Recall the lines from Dostoevsky's Crime and Punishment:
The small room into which the young man was shown was covered with yellow wallpaper: there were geraniums in the windows, which were covered with muslin curtains; the setting sun cast a harsh light over the entire setting…. There was nothing special about the room. The furniture, of yellow wood, was all very old. A sofa with a tall back turned down, an oval table opposite the sofa, a dressing table and a mirror set against the pierglass, some chairs along the walls, two or three etchings of no value portraying some German girls with birds in their hands – such were the furnishings.
Quoting these lines in the Surrealist Manifesto, Breton complains:
I am in no mood to admit that the mind is interested in occupying itself with such matters, even fleetingly. It may be argued that this school-boy description has its place, and that at this juncture of the book the author has his reasons for burdening me. Nevertheless he is wasting his time, for I refuse to go into his room.
Breton refuses, but others have been tempted. We relate the words we read to our own experience, rendering them concrete. It seems churlish to claim that this concretion is a sham: after all, this is just a novel, and we know, as readers, how a novel works. But then Breton wants art to be more than a matter of entertainment or even edification. This is why he claims the descriptions in the novel are vacuous: ‘they are nothing but so many superimposed images taken from some stock catalogue, which the author utilizes more and more whenever he chooses; he seizes the opportunity to slip me his postcards, he tries to make me agree with him about the clichés’.

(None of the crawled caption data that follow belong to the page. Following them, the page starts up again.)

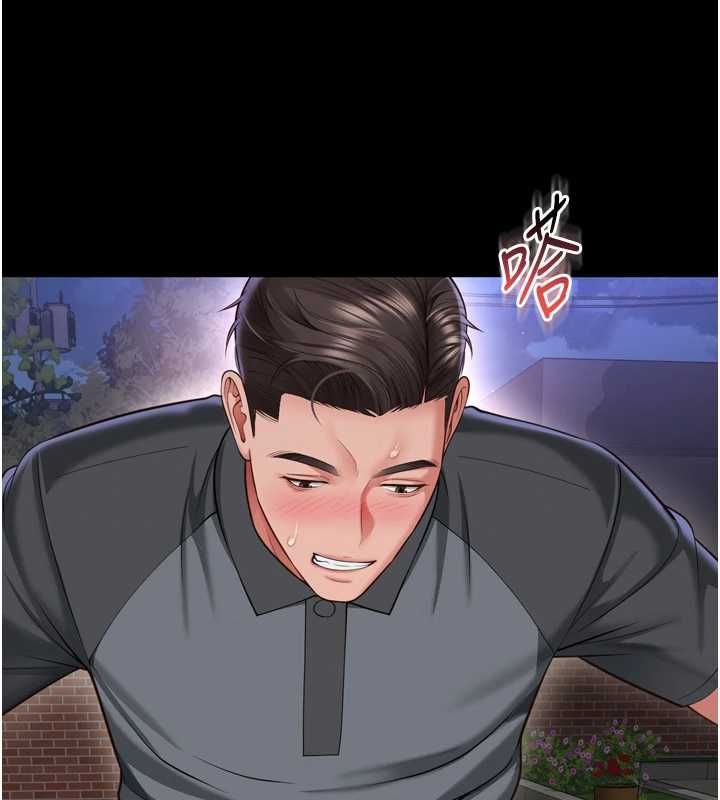 越线咨询第30話-目睹媽媽被哥哥上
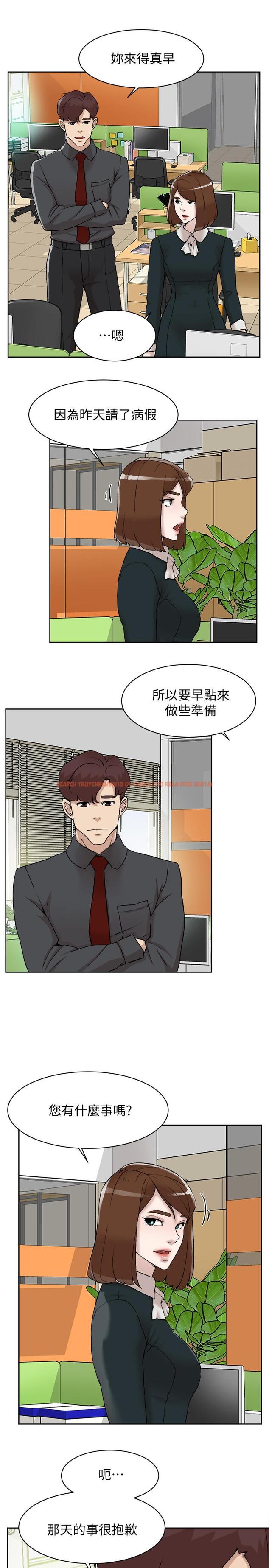 查看漫画她的高跟鞋(无删减) - 第118話-選一個你喜歡的吧 - tymanga.com中的419231图片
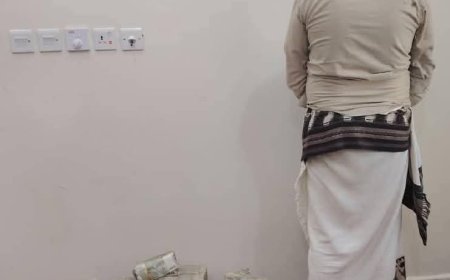 أمن شبوة يعلن تحرير 25 مختطفًا إثيوبيًا وضبط العصابة الخاطفة ومبالغ مالية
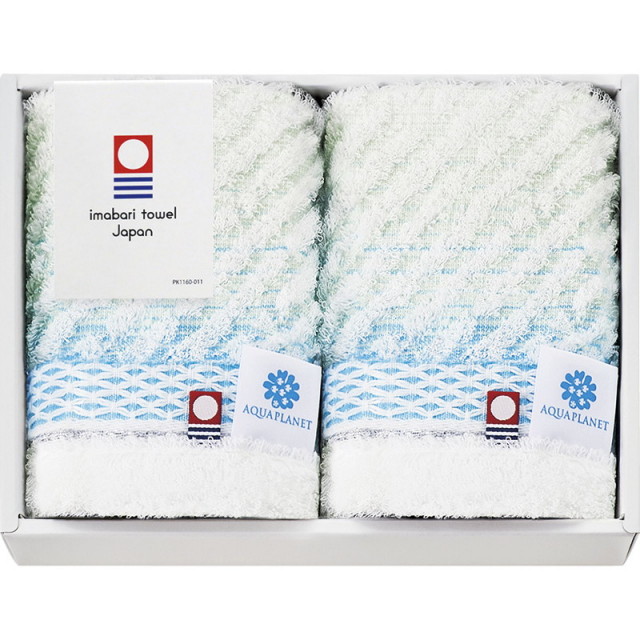 【一括お届け】今治さざなみハンドタオル2P B1053-515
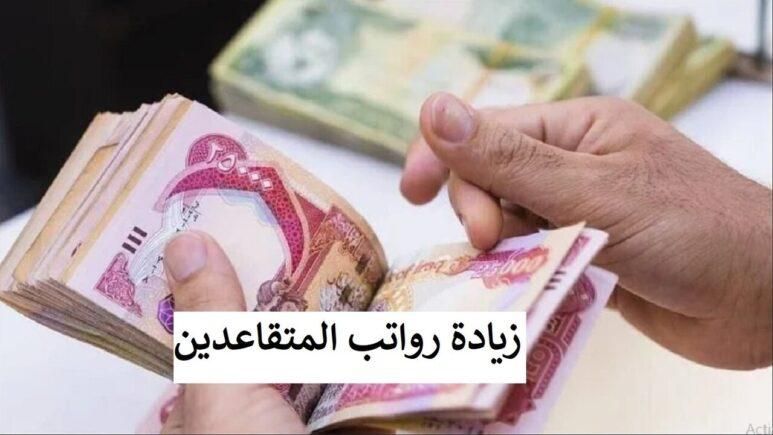 شاركني سرعة.. الاستعلام عن رواتب المتقاعدين يوليو 2025 في العراق ببساطة كده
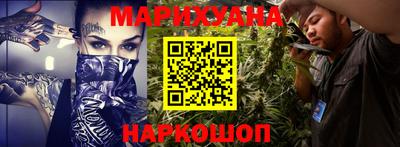 не бодяженный Будённовск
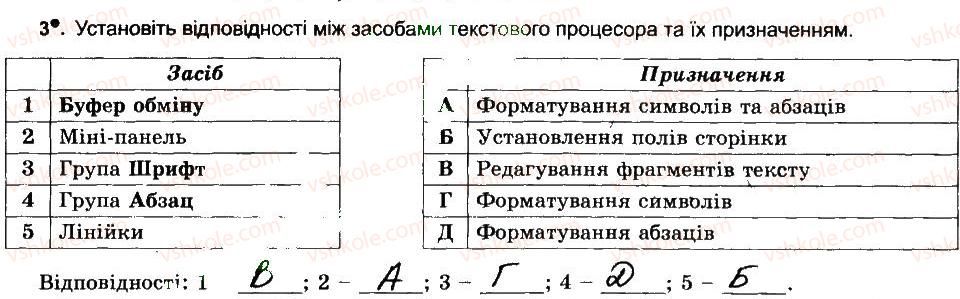 фото задание 3 - редагування та форматування текстового документа - розділ 4. текстовий процесор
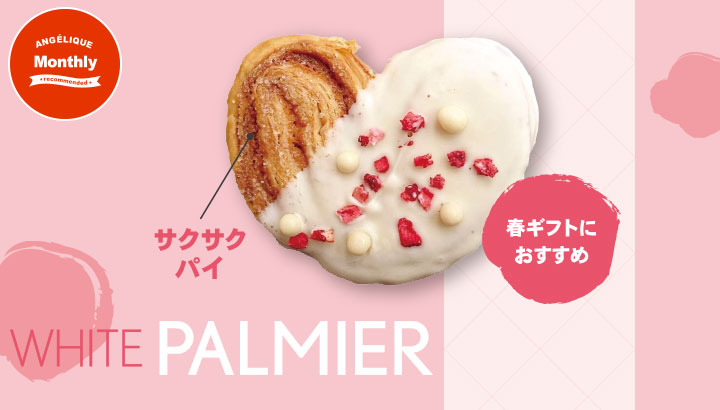 今月のおすすめお菓子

Clichés? One might object that it is this accumulation of details which permits the verisimilitude of the novel – it becomes tangible, concrete, we accompany the characters in the journeys across St. Petersberg.
Levinas observes of the reader of Dostoevsky that 'what holds his attention is neither Dostoevsky’s religious ideas, his metaphysics, nor his psychology, but some profiles of girls, a few images: the house of crime with its stairway and its dvornik in Crime and Punishment, Grushenka’s silhouette in Brothers Karamazov’. Is this the case? I am not sure. But Levinas is taking us in an interesting direction:
Introspection is taken to be a novelist’s fundamental procedure, and one supposes that things and nature can enter into a book only when they are enveloped into in an atmosphere composed of human emanations. We think, on the contrary, that an exterior vision – of a total exteriority [...] where the subject itself is exterior to itself – is the true vision of the novelist.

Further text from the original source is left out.